I’d missed the education that film provides. For the three decades I’d been a journalist, film had been something you fled to on those evenings when the pace of work required escape. It hadn’t been elevated to a haven, as it was now, and I wondered how I’d managed to miss the point of it all. The point being, of course, that film is rapture. Film is romantic education. The romance of the senses. It could sweep me away, and I let it.

Cinema Paradiso
appeared to be one of those films. Based on what I had read, it pointed to a tale about denizens of a film
house who retreated into the romantic whirl of story to elude the mundane, banal, and humdrum course of ordinary existence. The decades it revealed were the war years in Italy, a time of great tumult when loss was the common currency of being. That, I believed, was something I would have no trouble relating to.

The evening promised to be a fine one. The arctic front that had made news across the continent had dissipated and been replaced by an ironic belt of warm southern air that melted the snow and ice, driving the city into an artificial springtime glee. I’d seldom taken the time to actually view my neighbourhood, and on this night it seemed inordinately alive.

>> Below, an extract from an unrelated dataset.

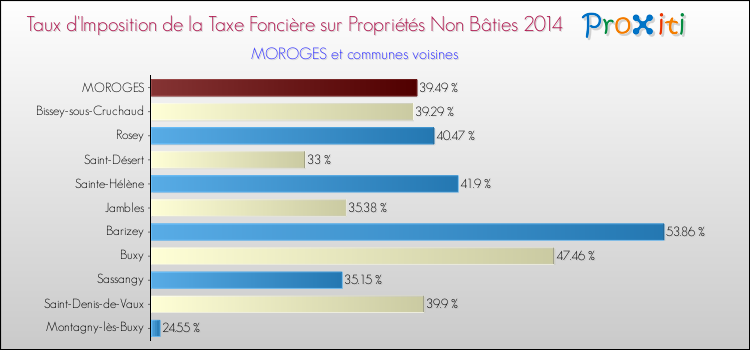 Taux d'imposition de la taxe foncière sur les immeubles et terrains non batis 2014 pour MOROGES et les communes proches Comparaison des taux d'imposition de la taxe foncière sur les immeubles et terrains non batis 2014 pour MOROGES et les communes voisines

The theatre was called The Plaza and it was famed for its eclectic choice of fare. A heritage building, its owners had been careful to preserve the ornate fixtures of its 1920s decor. I had been there often and loved the charming ambience of its subtle art nouveau interior. Movies at The Plaza were a reconnection to the febrile heart of filmdom, and in its air was the very breath of DeMille, Capra, Fellini, and Truffault.

There was a considerable line when I walked up. I stood there in the hushed light of evening and began the lifelong habit of observing the people I shared space with. They were, for the most part, a typical upscale neighbourhood collection of sorts: old-money college students, artistes, former radicals turned realtors, and moneyed elitists bent on maintaining a fey proletarian contact.

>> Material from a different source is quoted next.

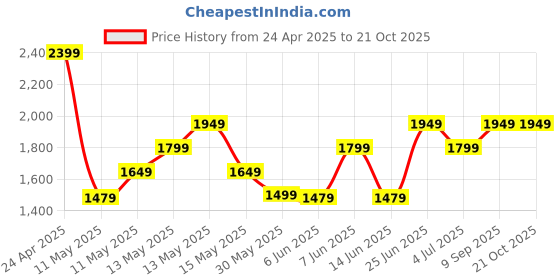tatacliq.com Puma Black Cotton Regular Fit Printed T-Shirt puma Price History Graph from 24 Apr 2025 to 21 Oct 2025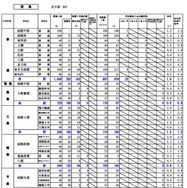 渡島学区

The first indication that things were out of kilter was a heightened buzz in the conversation around me. I’d busied myself studying the architecture of the nearby buildings but brought my gaze to earth at the sudden tone of apprehension. The focus of attention was the four street people I’d met a few weeks prior. They were approaching slowly, heads down, eyes cast warily about. They seemed the epitome of the street urchin to such a degree that standing there I imagined myself in a scene from Dickens. All of them, with the exception of the old native woman, seemed perched on the edge of fight or flight. She was merely curious, looking about her and taking in the sights of this neighbourhood in much the same way I had on my stroll to the
theatre. The closer they got to the lineup in front of The Plaza the more audible became the confusion of my compatriots.

“Goodness,” exclaimed a pert young woman in a fur coat behind me, “they must be lost. We don’t get them in this area, especially at night.”

“Well, we’ve got them now,” her companion said. “Hopefully they don’t put the touch on any of us. I’ll be damned if I’m being hit up for change tonight.”